A quarter of Australia’s exports, or about 5 percent of gross domestic product, goes to China, and 60 percent of those shipments are iron ore.

“Growth in China remained reasonably robust in the first half of this year, albeit well below the exceptional pace seen in recent years,” Stevens said in today’s statement. “Some recent indicators have been weaker, which has added to uncertainty about near-term growth.”

Fortescue Metals Group Ltd., Australia’s biggest iron ore producer after Rio Tinto Group and BHP, said today it’s cutting its full-year capital spending forecast by 26 percent to $4.6 billion.

Commodity Slump

Australian commodity prices declined 4.3 percent in August from the prior month and 18.5 percent from a year earlier in Australian dollar terms, a central bank index showed this week. The gauge reached the lowest level since April 2010.

“Some commodity prices of importance to Australia have fallen sharply in recent weeks,” Stevens said today. “The terms of trade peaked a year ago and have declined significantly since then, though they remain historically high.”

On the global economy, the central bank’s assessment is that it will grow this year at average pace at best, “with risks to the outlook still on the downside,” Stevens said. “Economic activity in Europe is contracting, while growth in the United States is only modest,” he said.

The Australian economy probably expanded 0.7 percent in the second quarter from the prior three months for the strongest first half of growth since 2007, a Bloomberg News survey of economists showed before a government report on second-quarter GDP tomorrow.

Tame Inflation

Stevens said the central bank’s assessment is that inflation will be consistent with its 2 percent to 3 percent target on average over the next one to two years.

“Maintaining low inflation will, however, require growth in domestic costs to remain contained as the effects of the earlier exchange rate appreciation wane,” Stevens said.

Australia’s unemployment rate has remained in a range of 5 percent to 5.3 percent for the past 15 months.

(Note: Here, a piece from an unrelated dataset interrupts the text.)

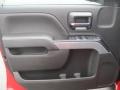 Jet Black Door Panel Photo for 2014 Chevrolet Silverado 1500 #81991331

The economy added jobs in four of the past five months and unemployment declined to 5.2 percent in July from a revised 5.3 percent in the prior month. A report on employment in August is scheduled for release Sept. 6.

The country’s central bank lowered borrowing costs by 1.25 percentage points from November to June to help shield the economy from Europe’s debt crisis and slower growth in China.

Housing Market

“As a result of the sequence of earlier decisions, interest rates for borrowers are a little below their medium-term averages,” Stevens said today. “The impact of those changes is still working its way through the economy, but dwelling prices have firmed a little and business credit has picked up this year.”

Traders are pricing in about an 80 percent chance that the RBA will lower borrowing costs by at least another 50 basis points by year-end to 3 percent, matching the 50-year low the benchmark reached at the height of the global financial crisis that started in 2008.

“We believe the bank is falling behind the curve, and with the retarding impulse of a global trade shock in the offing, the bank will be chasing that curve lower in the fourth quarter,” said Glenn Maguire, principal of Asia Sentry Advisory Pty Ltd. in Sydney. “The bank now seems likely to make haste quickly on rate cuts through the fourth quarter.”